Stan Walker singles chronology
|  | "Black Box" (2009) | "Unbroken" (2010) |

Audio sample
- file; help;

= Black Box (song) =

"Black Box" is the debut single by season seven winner of Australian Idol, Stan Walker. It was released digitally on 22 November 2009, as the lead single from his debut studio album, Introducing... Stan Walker.

Blue covered this song for their 2013 album Roulette.

== Critical reception ==
Jade from MusicFix compared the song to all other Australian Idol winners' singles and wrote that the "black box" metaphor differentiates it from the others. She called the sound a "generic R&B beat" and continued by comparing Walker's voice to fellow Australian Idol winner Guy Sebastian, saying that Australian Idol voters "decided one Sebastian just wasn't enough." At the 2010 New Zealand Music Awards, "Black Box" won the award for the 'Highest Selling New Zealand Single'. It was also named the 'Radio Airplay Record of the Year' at the ceremony, after topping the New Zealand Radio Airplay Chart for ten weeks. At the 2010 ARIA Music Awards, "Black Box" was nominated for 'Most Popular Australian Single'.

== Chart performance ==
On the New Zealand Singles Chart, "Black Box" debuted at number five on 30 November 2009. The following week, it peaked at number one, where it remained for ten consecutive weeks. On 14 February 2010, "Black Box" was certified double platinum by the Recording Industry Association of New Zealand (RIANZ), for selling 30,000 copies. In Australia, the song debuted and peaked at number two on the ARIA Singles Chart on 30 November 2009, selling 17,493 copies in its first week, and becoming the fastest-selling Sony Bandit.fm download ever. Eventually, "Black Box" was certified double platinum by the Australian Recording Industry Association (ARIA), for selling 140,000 copies.

==Music video and live performances==
The music video for the song was directed by Gemma Lee and filmed in Sydney on 24 November 2009. In an interview with Nova FM, Walker explained, "There might be a little bit of group dancing ... we'll see what happens. At first I was really nervous but I've warmed up now and I'm getting into it. I'm working on my look ... It's pretty cool – it's my first ever film clip. It's basically a house party that explains the lyrics. It talks about a relationship that has gone down but everything is still recorded in the black box. I really like it." The video premiered on YouTube on 29 November 2009.

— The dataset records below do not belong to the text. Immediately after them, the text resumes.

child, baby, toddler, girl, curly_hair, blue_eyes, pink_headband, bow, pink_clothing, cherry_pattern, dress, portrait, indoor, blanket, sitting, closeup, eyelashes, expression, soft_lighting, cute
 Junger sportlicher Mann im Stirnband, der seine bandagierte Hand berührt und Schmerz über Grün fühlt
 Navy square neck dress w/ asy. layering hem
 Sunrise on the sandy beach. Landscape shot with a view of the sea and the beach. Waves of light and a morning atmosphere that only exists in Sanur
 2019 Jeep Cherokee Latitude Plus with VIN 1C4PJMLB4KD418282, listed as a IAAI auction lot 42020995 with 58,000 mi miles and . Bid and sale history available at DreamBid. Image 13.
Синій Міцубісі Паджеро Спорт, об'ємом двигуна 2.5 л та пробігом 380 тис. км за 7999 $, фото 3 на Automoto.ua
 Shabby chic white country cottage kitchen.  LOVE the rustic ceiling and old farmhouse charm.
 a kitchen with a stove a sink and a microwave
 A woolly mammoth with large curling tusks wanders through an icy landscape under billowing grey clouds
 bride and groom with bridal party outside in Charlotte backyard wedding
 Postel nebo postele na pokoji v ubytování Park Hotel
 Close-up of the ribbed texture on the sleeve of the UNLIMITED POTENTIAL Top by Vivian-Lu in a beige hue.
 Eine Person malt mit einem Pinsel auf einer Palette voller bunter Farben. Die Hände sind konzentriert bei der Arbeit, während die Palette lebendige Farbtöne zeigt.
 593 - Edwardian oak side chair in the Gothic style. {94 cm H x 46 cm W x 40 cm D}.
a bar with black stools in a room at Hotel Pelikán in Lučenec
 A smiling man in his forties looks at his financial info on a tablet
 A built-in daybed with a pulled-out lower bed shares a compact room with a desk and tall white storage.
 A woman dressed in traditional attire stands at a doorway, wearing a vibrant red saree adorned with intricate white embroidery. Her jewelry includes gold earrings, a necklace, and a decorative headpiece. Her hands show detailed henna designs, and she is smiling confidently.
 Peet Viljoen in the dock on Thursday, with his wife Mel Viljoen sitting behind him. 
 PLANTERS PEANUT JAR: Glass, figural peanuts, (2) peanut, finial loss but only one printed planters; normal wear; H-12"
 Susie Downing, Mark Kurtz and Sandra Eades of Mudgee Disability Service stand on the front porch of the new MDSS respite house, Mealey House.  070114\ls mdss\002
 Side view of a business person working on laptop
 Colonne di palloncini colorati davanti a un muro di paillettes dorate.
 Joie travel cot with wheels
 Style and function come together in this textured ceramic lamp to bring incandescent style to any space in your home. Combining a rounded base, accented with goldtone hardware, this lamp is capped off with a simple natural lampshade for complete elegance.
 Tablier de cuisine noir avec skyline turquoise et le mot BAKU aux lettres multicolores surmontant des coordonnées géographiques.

Walker performed "Black Box" on the New Zealand television show, Close Up, on 6 December 2009, the day before the release of his album, Introducing... Stan Walker. He again performed the song at Barry Curtis Park in Manukau City as part of celebrations of Waitangi Day (6 February) in 2010.

==Track listing==
- Digital download
1. "Black Box" – 3:27

==Charts==
=== Weekly charts ===

| Chart (2009) | Peak position |
|---|---|
| ARIA Singles Chart | 2 |
| New Zealand Singles Chart | 1 |

=== Year-end charts ===

| Chart (2009) | Position |
|---|---|
| ARIA Singles Chart | 50 |
| Australian Artists Singles Chart | 9 |
| New Zealand Singles Chart | 19 |
| Chart (2010) | Position |
| ARIA Singles Chart | 60 |
| Australian Artists Singles Chart | 4 |

== Certifications ==

Certifications and sales for "Black Box"
| Region | Certification | Certified units/sales |
| Australia (ARIA) | 2× Platinum | 140,000^{^} |
| New Zealand (RMNZ) | 2× Platinum | 30,000^{*} |
^{*} Sales figures based on certification alone. ^{^} Shipments figures based on certification alone.

==Release history==

| Region | Date | Format | Label |
| Australia | 22 November 2009 | Digital download | Sony Music Australia |
New Zealand
| Australia | 25 November 2009 | CD single |

==See also==
- List of number-one singles from the 2000s (New Zealand)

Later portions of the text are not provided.